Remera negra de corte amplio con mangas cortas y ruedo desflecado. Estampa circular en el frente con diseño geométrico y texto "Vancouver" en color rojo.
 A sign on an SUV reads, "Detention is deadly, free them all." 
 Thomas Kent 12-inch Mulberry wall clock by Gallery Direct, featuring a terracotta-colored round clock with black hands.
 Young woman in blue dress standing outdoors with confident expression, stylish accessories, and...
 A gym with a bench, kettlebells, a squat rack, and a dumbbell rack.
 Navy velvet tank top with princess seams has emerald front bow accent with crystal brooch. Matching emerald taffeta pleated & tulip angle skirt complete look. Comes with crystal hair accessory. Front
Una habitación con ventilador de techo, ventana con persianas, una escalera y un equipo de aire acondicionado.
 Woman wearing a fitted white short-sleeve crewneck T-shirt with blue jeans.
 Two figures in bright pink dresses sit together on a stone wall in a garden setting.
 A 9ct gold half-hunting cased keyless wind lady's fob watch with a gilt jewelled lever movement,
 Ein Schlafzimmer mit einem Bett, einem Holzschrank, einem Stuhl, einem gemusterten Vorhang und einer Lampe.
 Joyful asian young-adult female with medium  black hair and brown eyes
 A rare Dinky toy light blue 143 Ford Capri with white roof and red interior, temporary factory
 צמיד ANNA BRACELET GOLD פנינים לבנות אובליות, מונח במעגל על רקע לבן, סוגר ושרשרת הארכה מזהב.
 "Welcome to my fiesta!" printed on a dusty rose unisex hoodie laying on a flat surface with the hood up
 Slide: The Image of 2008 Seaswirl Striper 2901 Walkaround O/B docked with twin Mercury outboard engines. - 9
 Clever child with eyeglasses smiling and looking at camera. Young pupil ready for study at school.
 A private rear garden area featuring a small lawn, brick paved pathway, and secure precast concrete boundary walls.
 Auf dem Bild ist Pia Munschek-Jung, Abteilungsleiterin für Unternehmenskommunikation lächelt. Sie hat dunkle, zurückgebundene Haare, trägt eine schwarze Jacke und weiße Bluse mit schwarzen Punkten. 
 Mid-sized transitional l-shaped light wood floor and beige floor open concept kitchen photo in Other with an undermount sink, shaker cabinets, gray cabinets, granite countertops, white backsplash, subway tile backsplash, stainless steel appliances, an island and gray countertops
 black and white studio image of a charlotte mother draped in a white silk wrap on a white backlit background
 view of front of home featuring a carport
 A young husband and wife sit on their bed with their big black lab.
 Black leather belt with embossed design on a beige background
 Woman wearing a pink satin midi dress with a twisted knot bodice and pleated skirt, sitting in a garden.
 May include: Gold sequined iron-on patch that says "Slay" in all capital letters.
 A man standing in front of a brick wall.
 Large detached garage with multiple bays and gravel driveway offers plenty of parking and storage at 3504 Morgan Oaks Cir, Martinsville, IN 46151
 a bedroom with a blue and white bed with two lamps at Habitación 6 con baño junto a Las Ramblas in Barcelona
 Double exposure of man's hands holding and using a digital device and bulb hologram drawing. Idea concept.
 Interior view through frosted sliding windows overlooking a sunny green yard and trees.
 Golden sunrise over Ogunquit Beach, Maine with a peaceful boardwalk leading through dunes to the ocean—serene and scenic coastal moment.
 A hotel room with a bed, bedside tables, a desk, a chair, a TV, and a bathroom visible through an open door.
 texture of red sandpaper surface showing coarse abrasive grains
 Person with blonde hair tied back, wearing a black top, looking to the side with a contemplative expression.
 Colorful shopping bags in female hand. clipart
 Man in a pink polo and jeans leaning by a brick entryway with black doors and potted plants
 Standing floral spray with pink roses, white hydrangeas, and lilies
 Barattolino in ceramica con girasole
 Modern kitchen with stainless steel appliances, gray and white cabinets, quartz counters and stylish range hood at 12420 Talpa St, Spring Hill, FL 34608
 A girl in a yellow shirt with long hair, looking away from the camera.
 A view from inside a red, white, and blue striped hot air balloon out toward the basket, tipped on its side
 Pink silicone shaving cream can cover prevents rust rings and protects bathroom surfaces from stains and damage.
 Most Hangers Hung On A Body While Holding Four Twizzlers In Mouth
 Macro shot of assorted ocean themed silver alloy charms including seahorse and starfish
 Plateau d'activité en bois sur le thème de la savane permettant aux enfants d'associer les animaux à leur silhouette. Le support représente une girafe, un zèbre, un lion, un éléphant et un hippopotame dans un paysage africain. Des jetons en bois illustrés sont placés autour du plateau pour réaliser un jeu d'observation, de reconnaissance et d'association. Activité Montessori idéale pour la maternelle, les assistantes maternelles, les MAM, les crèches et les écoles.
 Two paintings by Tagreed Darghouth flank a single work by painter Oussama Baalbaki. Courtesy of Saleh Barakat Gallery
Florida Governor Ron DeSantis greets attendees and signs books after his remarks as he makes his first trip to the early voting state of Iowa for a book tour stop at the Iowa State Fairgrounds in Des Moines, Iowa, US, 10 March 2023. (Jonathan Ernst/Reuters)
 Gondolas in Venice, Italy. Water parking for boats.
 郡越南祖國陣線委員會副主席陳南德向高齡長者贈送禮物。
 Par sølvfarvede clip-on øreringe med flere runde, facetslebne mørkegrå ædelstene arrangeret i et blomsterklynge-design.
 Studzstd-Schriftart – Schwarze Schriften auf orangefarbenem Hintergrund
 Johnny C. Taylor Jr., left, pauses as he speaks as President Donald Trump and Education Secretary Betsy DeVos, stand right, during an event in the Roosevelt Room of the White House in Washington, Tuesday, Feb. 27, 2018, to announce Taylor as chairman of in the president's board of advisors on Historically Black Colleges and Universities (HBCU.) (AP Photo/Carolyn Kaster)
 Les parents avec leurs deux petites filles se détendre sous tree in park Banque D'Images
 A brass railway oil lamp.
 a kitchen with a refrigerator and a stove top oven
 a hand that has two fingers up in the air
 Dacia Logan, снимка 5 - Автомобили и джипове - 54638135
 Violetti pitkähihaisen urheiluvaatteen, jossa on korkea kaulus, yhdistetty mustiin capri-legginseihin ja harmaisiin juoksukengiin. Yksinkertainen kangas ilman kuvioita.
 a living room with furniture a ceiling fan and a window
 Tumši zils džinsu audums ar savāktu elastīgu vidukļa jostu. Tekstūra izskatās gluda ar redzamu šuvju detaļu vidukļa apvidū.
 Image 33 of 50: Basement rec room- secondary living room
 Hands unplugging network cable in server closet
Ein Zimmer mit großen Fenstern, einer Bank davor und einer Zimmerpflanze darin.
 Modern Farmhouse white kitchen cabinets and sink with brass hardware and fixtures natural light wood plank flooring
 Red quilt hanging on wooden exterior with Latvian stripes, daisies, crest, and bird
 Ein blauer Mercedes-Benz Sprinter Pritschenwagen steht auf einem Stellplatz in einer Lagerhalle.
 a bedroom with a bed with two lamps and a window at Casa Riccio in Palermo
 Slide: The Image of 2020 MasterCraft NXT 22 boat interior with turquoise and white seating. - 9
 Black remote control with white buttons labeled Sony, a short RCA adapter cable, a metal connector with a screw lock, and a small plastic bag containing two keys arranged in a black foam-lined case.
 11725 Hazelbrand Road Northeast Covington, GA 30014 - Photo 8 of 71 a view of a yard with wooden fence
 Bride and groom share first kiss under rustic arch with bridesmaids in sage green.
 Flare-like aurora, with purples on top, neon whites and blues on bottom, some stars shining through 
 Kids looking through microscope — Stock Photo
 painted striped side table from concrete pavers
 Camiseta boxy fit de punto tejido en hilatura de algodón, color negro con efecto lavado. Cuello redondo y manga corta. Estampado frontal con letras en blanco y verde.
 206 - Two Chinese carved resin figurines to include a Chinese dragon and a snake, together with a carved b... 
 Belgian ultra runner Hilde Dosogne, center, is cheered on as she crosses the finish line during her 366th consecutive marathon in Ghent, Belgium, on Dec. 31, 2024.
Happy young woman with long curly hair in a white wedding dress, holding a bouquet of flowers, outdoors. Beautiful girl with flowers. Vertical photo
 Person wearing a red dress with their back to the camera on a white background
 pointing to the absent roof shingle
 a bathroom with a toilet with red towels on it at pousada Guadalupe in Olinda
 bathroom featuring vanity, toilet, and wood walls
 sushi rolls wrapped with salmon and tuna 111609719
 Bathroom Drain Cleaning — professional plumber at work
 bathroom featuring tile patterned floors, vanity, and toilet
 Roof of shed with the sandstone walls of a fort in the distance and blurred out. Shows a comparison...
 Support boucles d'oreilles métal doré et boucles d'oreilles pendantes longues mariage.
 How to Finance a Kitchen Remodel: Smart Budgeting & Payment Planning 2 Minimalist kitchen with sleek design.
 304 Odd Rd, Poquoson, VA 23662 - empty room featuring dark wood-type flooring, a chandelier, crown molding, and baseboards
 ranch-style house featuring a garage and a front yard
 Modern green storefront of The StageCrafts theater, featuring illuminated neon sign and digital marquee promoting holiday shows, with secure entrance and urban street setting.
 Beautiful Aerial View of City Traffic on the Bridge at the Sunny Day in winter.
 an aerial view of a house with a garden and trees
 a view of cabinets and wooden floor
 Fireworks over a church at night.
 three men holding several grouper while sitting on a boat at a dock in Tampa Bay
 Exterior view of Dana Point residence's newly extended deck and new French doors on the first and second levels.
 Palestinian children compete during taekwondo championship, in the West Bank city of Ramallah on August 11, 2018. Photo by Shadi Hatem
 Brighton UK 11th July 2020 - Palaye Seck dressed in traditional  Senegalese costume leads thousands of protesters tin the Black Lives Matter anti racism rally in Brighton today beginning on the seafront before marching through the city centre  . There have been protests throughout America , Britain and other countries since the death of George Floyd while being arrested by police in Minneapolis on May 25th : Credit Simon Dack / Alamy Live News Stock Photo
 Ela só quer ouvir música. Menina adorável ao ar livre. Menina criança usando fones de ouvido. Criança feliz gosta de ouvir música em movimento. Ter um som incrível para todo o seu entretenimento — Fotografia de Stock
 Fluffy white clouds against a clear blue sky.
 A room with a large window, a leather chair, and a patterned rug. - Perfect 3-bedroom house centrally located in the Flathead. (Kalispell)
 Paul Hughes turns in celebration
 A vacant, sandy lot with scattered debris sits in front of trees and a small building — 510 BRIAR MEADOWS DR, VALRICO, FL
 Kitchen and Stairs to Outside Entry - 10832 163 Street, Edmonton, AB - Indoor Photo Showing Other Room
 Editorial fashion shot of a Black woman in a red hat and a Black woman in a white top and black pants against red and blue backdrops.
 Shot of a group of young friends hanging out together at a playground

════

What should be returned is the run of lines from the first line of the material through the line containing "Auf dem Bild", exact and inclusive, and nothing else.

Remera negra de corte amplio con mangas cortas y ruedo desflecado. Estampa circular en el frente con diseño geométrico y texto "Vancouver" en color rojo.
 A sign on an SUV reads, "Detention is deadly, free them all." 
 Thomas Kent 12-inch Mulberry wall clock by Gallery Direct, featuring a terracotta-colored round clock with black hands.
 Young woman in blue dress standing outdoors with confident expression, stylish accessories, and...
 A gym with a bench, kettlebells, a squat rack, and a dumbbell rack.
 Navy velvet tank top with princess seams has emerald front bow accent with crystal brooch. Matching emerald taffeta pleated & tulip angle skirt complete look. Comes with crystal hair accessory. Front
Una habitación con ventilador de techo, ventana con persianas, una escalera y un equipo de aire acondicionado.
 Woman wearing a fitted white short-sleeve crewneck T-shirt with blue jeans.
 Two figures in bright pink dresses sit together on a stone wall in a garden setting.
 A 9ct gold half-hunting cased keyless wind lady's fob watch with a gilt jewelled lever movement,
 Ein Schlafzimmer mit einem Bett, einem Holzschrank, einem Stuhl, einem gemusterten Vorhang und einer Lampe.
 Joyful asian young-adult female with medium  black hair and brown eyes
 A rare Dinky toy light blue 143 Ford Capri with white roof and red interior, temporary factory
 צמיד ANNA BRACELET GOLD פנינים לבנות אובליות, מונח במעגל על רקע לבן, סוגר ושרשרת הארכה מזהב.
 "Welcome to my fiesta!" printed on a dusty rose unisex hoodie laying on a flat surface with the hood up
 Slide: The Image of 2008 Seaswirl Striper 2901 Walkaround O/B docked with twin Mercury outboard engines. - 9
 Clever child with eyeglasses smiling and looking at camera. Young pupil ready for study at school.
 A private rear garden area featuring a small lawn, brick paved pathway, and secure precast concrete boundary walls.
 Auf dem Bild ist Pia Munschek-Jung, Abteilungsleiterin für Unternehmenskommunikation lächelt. Sie hat dunkle, zurückgebundene Haare, trägt eine schwarze Jacke und weiße Bluse mit schwarzen Punkten. 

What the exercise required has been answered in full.